Basic profit-seeking capitalism incentivizes companies to either invest in productive areas or to return capital to shareholders so shareholders can invest in more productive areas. Taxes only effect those incentives at the margins, and the past several decades of increasingly corporate-friendly tax reforms don't excuse or justify the decisions that have been made by CFOs.
> If a company is operating efficiently, they wouldn’t be turning a profit
But what's the timeline for gauging efficiency? Any company needing a public bailout even though they had sufficient profit to cover the issue is manifestly not operating very efficiently. The ones taking on debt to fund buybacks are beyond any sort of reasonable justification from a public policy perspective.
We can quibble over the scope of unpredictable downturns, but AFAIU the airlines returned much more capital than would be reasonable in expectations of a 10-year event. 1980s deregulation, 9/11, 2008 recession, and now 2020 pandemic... at some point you can't say that this stuff is "unpredictable" with a straight face. Something always happens, and even if you don't know precisely what or when, it's regular enough that you can substantially insure yourself. There's obvious moral hazard at play here, even though some public support may have been justifiable in this particular case.
Even worse, AFAIU once upon a time airline union retirement funds were major purchasers of airline bonds. There was a sort of quid pro at play that more closely aligned unions and airlines during downturns, as unions were more incentivized than usual to return the airline to profitability through cost-cutting measures. The downside was, at least hypothetically, greater moral hazard--more pressure for government bailouts because more low- and middle-class employees were effected. But these days airlines have increasingly spurned unions and these sorts of arrangements, so any bailout directly lines the pockets of wealthy investors. There should be much less urgency to bailout the industry, especially without an equity exchange.
> But what's the timeline for gauging efficiency? Any company needing a public bailout even though they had sufficient profit to cover the issue is manifestly not operating very efficiently.
By your definition any company that didn't see the coronavirus pandemic coming would be not operating efficiently, but the reality is even if your company was operating efficiently your company may be killed by it.
That's like saying a healthy person shouldn't need to be put on a ventilator because if they took care of their body well they wouldn't need it, but the reality is this virus is not something anyone could have prepared for.
It is not at all out of line to say "the airlines should not have spent $45B (or whatever the amount was) on stock buybacks, they should have saved a reasonable amount in anticipation of the next crisis" even if this particular crisis is much worse than anyone would have been able to anticipate a year ago.
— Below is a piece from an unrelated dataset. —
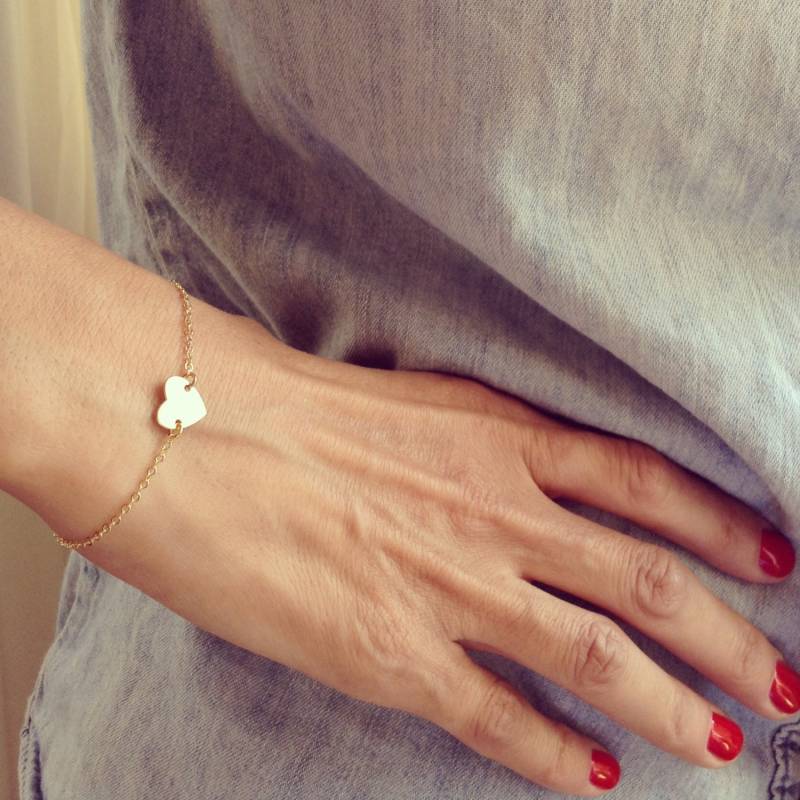 Zierliche Herz Armband, Gold Blumenmädchen Geschichtet, Freundschaftsarmband, Jubiläumsgeschenk Zierliche Herz Armband, Gold Blumenmädchen Geschichtet, Freundschaftsarmband, Jubiläumsgeschenk von EdenJewelries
Even if they had only kept, say, $20B of that money—reducing their buybacks by less than half—that would surely be $20B they would not now be asking us taxpayers to spot them, and it's possible they would even be able to make a different kind of plan using that $20B to stretch them over at least some significant part of the gap.
Moral hazard isn't the only issue with union retirement funds buying stock: you want to mitigate the risk of being laid off or forced to retire and having your fund lose value at the same time. An airline employee with a retirement fund that consists of the same airline's stock is a very bad idea from a risk standpoint: you ideally want your fund and your job to be uncorrelated in order to reduce the volatility of your income stream.